Face à l’immense porte d’entrée, il ricana, légèrement amer. Il avait connu des périodes plus sombres et plus longues. Se remémorant la disparation de Bruce, il ne parvint pas à se rappeler d’où lui était venue la force et l’entêtement dont il avait fait preuve. Sept années n’étaient jamais parvenues à faire vaciller la lueur d’espoir que l’aîné conservait au fond de lui. Il se souvenait parfaitement du soulagement quasi euphorique qu’avait induit le retour du jeune homme. Il se rappelait aussi sans mal de la vitesse à laquelle ses résolutions passées s’étaient écroulées.
Comment pouvait-il résister aux propositions pudiques de celui autour duquel tournait son monde ? D’un jeune homme pour qui il donnerait tout – y compris sa propre vie – et qu’il avait imaginé perdu pour de bon ? C’était impossible. Même le flegme et le sang-froid le plus anglais ne pouvaient lui venir en aide.
Ces nuits infinies agissaient comme autant de piqûres de rappel lorsqu’Alfred doutait de son comportement. N’était-ce pas étrange de partager autant d’intimité avec celui qu’il avait vu grandir ? Pouvait-on concevoir un écart d’âge aussi important sans nourrir des soupçons malsains ?
Il estimait parfois que l’adulte qu’il côtoyait n’avait plus rien du garçon qu’il avait connu. Celui-ci avait disparu derrière une carapace, dissimulée à son tour sous un plastron de kevlar noir. Peut-être ressurgirait-il un jour, à la surprise générale.
En attendant, ces alliages de matériaux préservaient efficacement Bruce des coups, des lames de couteau et des balles de revolver. Encore fallait-il l’équiper d’un mécanisme de défense contre ces blessures psychologies, ces plaies intérieures, plus sournoises et profondes.

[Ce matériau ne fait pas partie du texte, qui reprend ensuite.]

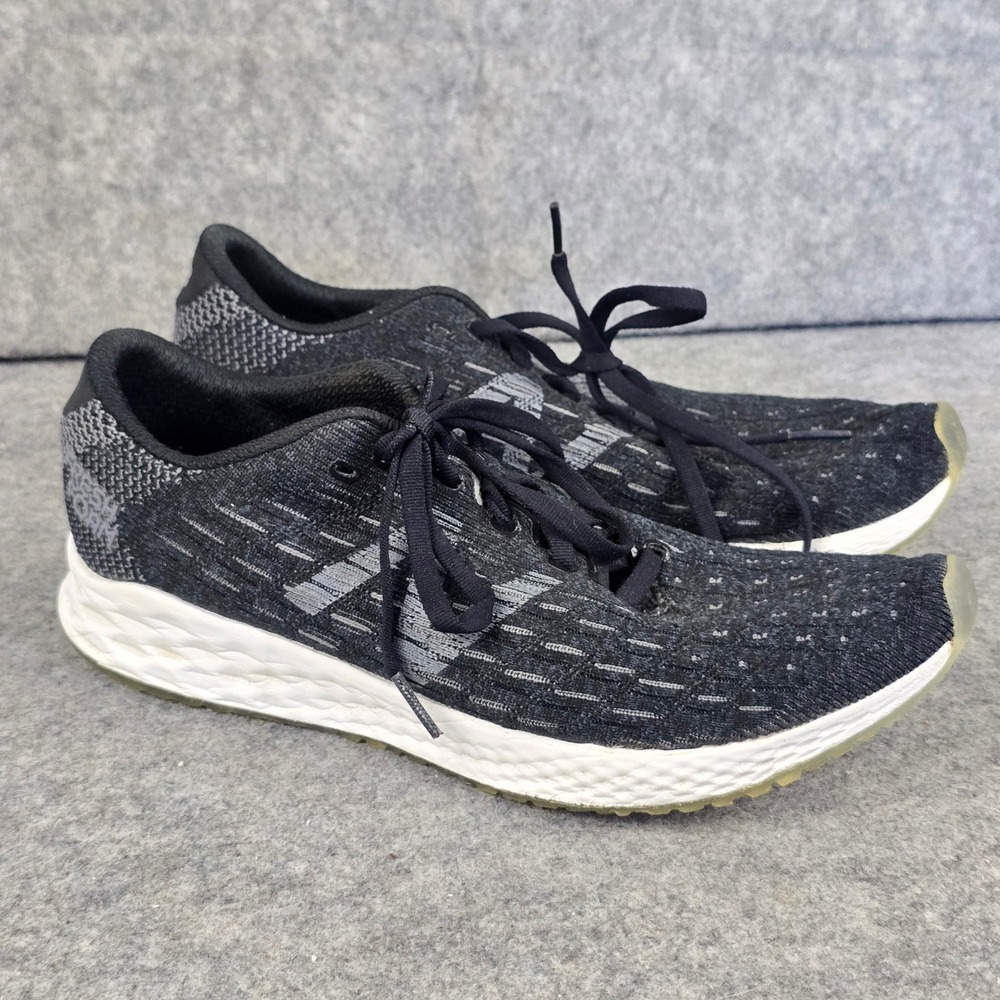New Balance Fresh Foam Zante Pursuit Womens 9.5 Black Grey Running Shoes WZANPBK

A cette idée, Alfred releva la tête, fier et sûr de lui : il serait cette armure. Jusqu’à son dernier souffle.
5.
Tandis que les lumières de Gotham agissaient comme autant de veilleuses, Alfred somnolait, raide comme un bâton, dans l’un des fauteuils du manoir. Cette attitude, alerte, lui rappela une époque lointaine où il s’agissait de guetter les pleures du nourrisson de la demeure. Se substituant parfois aux parents, il les encourageait à regagner leurs lits. Devenu professionnel dans l’art de langer, de donner le biberon ou le bain, Alfred avait presque regretté de ne jamais avoir pu remettre ces talents à profit.
Ce n’était finalement pas un si grand mal au regard des angoisses que Wayne était parvenu à lui faire ressentir en trente-cinq malheureuses années de vie. Et neuf mois, se plut à rappeler le majordome. Niché entre les coussins, les bras croisés sur la poitrine, il veillait sur son maître comme lorsque celui-ci n’avait que quelques mois. Loin de s’inquiéter pour une simple poussée de dents, Alfred s’assurait du sommeil paisible du héros, victime d’un violent coup à la tête.

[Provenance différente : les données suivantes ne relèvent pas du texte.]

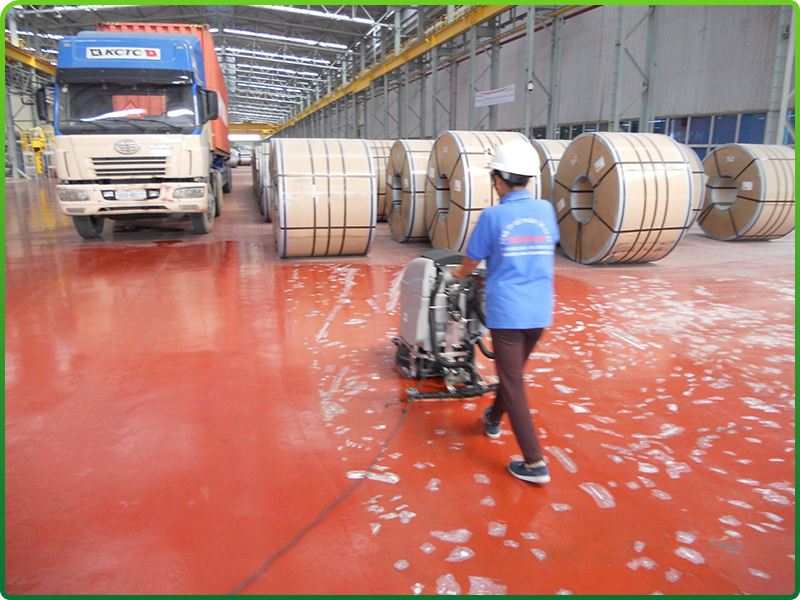 Dịch vụ vệ sinh nhà xưởng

L’obscurité et le silence cristallisaient ses inquiétudes, l’amenant à vérifier toutes les demi-heures si le jeune homme respirait toujours. Que ferait-il s’il venait à disparaître ? Il préférait ne pas y répondre et repoussait systématiquement les inévitables questions de cet ordre.
Un constat était néanmoins inévitable : son attention, durant de nombreuses années, s’était focalisée sur ce garçon qui était devenu un adulte, brillant et éblouissant. Il n’avait ainsi jamais réalisé que leur relation avait grandie en même temps et s’était aujourd’hui mue en une chose aussi complexe que précieuse. Mais peut-on seulement s’attendre à la simplicité quand il s’agit de Bruce Wayne ? Silencieux, les lèvres du majordome esquissèrent un léger sourire.
Procédant à un dernier contrôle, le majordome eut la surprise de voir deux grands yeux s’ouvrir face aux siens. Une voix plus faible que d’ordinaire mais sûre d’elle l’interpella :
- Vous me surveillez ainsi depuis quand ?
Alfred ne put faire autrement que de sourire :
- Pour être tout à fait exact… Depuis trente cinq ans et neuf mois, Bruce.
The End.
Vous ne rêvez pas, vous venez bel et bien de lire du Bruce/Alfred.